WORK INSTRUCTIONS: Print, exactly as they stand, the lines below from the one that has "Hisense 297L Freestanding" to the one that has "RIEKER Ankle Boots Black Leather Womens UK 3", inclusive, leaving out the pictures.

RECORDS SUPPLIED:
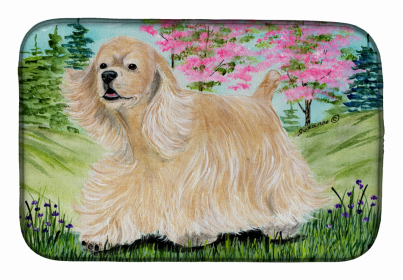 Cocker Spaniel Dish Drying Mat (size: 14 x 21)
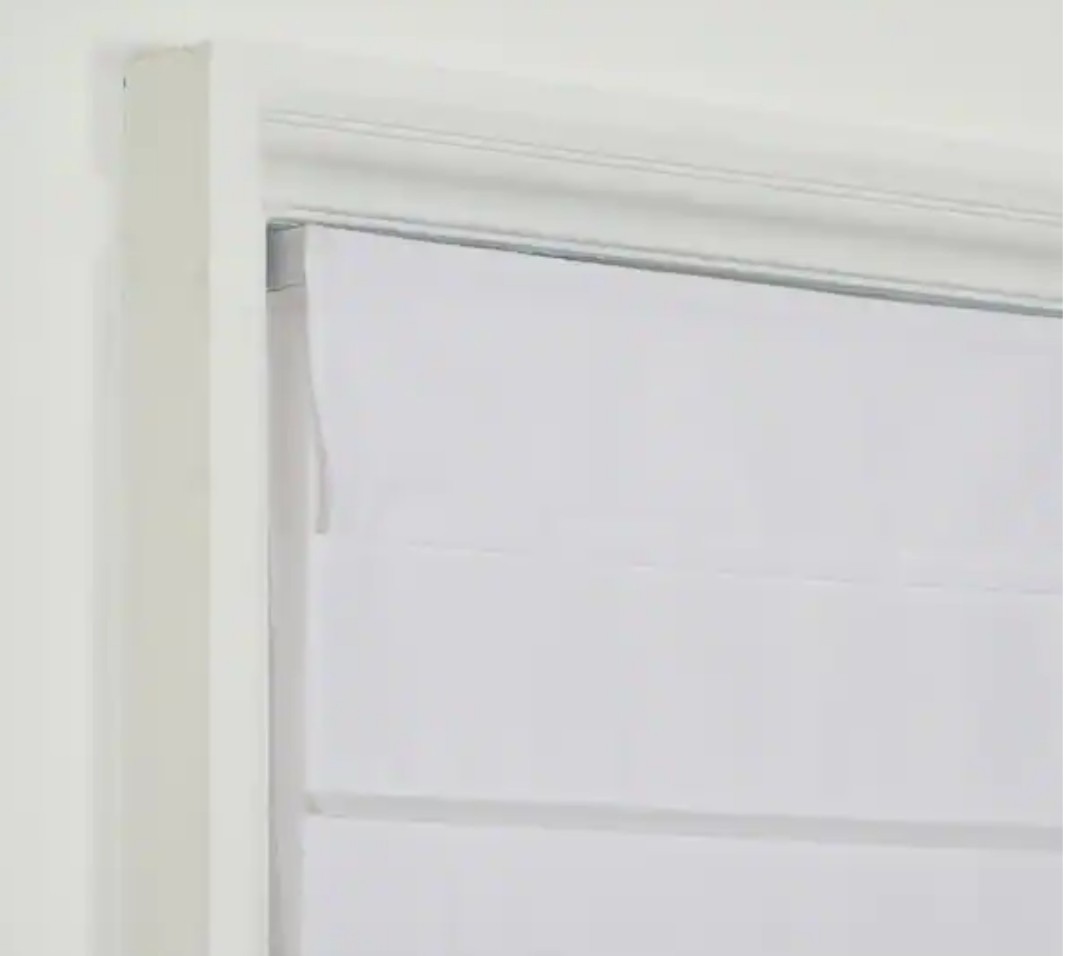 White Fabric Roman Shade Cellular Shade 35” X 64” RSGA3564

--

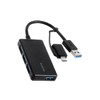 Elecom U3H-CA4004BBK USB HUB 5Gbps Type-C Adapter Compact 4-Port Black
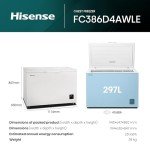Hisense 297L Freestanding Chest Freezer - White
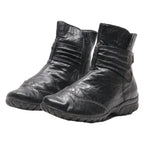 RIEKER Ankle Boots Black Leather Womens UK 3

YOUR RESPONSE:
Hisense 297L Freestanding Chest Freezer - White
 RIEKER Ankle Boots Black Leather Womens UK 3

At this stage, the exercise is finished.